Referring to FIG. 2, the internal stress change (measured in MPa) of a SiCHN cap film due to exposure to UV during the ULK cure is illustrated. The stress measurement is shown for different cap materials at different UV cure times. More specifically, the stress change due to the exposure to UV during the ULK curing process shows that the internal stress changes from a negative value (compressive stress) to a positive value (tensile stress) as the UV cure time increases. The curve identified as SiCNH high-k represents a conventional deposition process, while the second curve referenced as SiCNH low-k represents the bilayer deposition process. Although the bilayer cap can slow down the stress change rate, the film ultimately turns tensile. (i.e. crosses the y-axis from negative to positive values) This change from compressive to tensile stress can be understood in terms of a bond breaking mechanism in the SiCHN film upon absorption of the high energy UV photons. The resulting broken, also known as dangling, bonds lead to an increase in internal open spaces and a reduced compressive stress. Tensile films are more prone to cracking and loss of adhesion to the underlayer pattern.
FIG. 3 shows the thickness of the bilayer low-k cap shrinked upon exposure to UV radiation. This cap film loses about 2% of its initial thickness due to the loss of bonded hydrogen and carbon groups in the film. Conventional high-k SiCNH does not shrink in thickness upon a similar exposure to UV radiation.
Referring to FIG. 4, the UV-VIS absorption characteristics of typical metal oxide, e.g., ZnO dispersed in double distilled water along-with the associated reactants are shown. Curves 1, 2, and 3 correspond to PVP (polyvinylpyrrollidone used to prevent agglomeration), ZnO nanoparticles, and Zn(NO3)2, respectively. ZnO nanoparticles can be synthesized by way of different types of alcoholic solutions such as methanol, ethanol, propanol, or higher alcohols.
X-ray diffraction, TEM, and EDAX are used to verify the formation of ZnO nanoparticles. The absorption peak for the ZnO nanoparticles is observed at 262 nm, which lies below the bandgap wavelength (shown as the dotted line in FIG. 4) of 388 nm (Eg=3.2 eV) of bulk ZnO. The shift in the absorption edge to lower wavelength is a fundamental property of nanoparticles and is attributed to a widening of the bandgap when particle sizes become small.

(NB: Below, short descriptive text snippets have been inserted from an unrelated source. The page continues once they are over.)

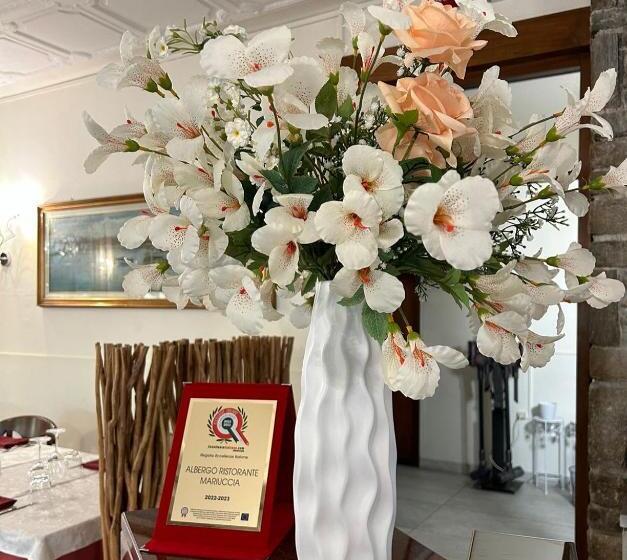 هتل Ristorante Mariuccia Varese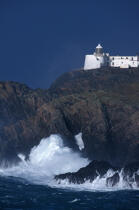 Phare sur la côte irlandaise. © Philip Plisson / Plisson La Trinité / AA02588 - Photo Galleries - Lighthouse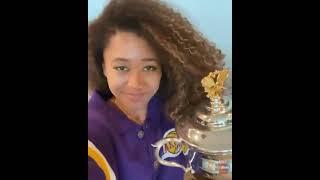 #NaomiOsaka shows off her 4th Grand Slam trophy! 🏆🙌 @naomiosaka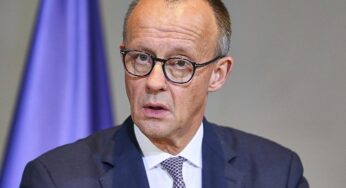 Merz begrüßt Abkehr von Verbrenner-Ausstieg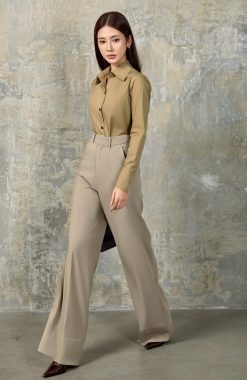 Alternative view of Nina Áo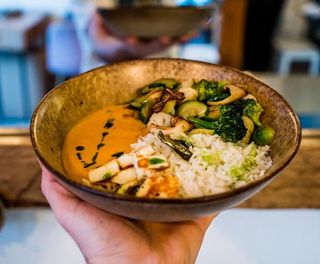 Bol cu legume de sezon si halloumi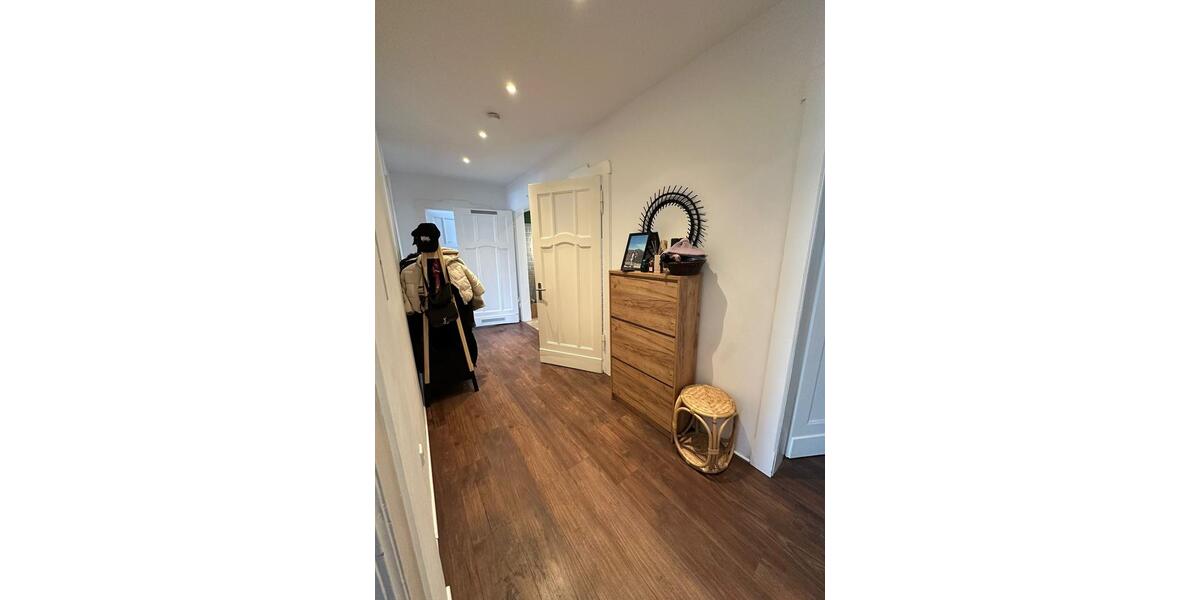 Etagenwohnung Wuppertal Elberfeld - 4 Zimmer, 120 m&sup2;, 1.100&euro; | Angebot:24772534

Referring to FIG. 5, the nanoparticle size effect on peak absorbance wavelength is illustrated for various particle diameters. The ZnO nanoparticles show peak absorbance at approximately 262 nm when the average particle size is 2.1 nm. The circular point in FIG. 5 indicates the value of the average particle size as obtained from TEM analysis. From the foregoing, it is evident that ZnO nanoparticles exhibit significant confinement effects for particle diameters less than about 8 nm.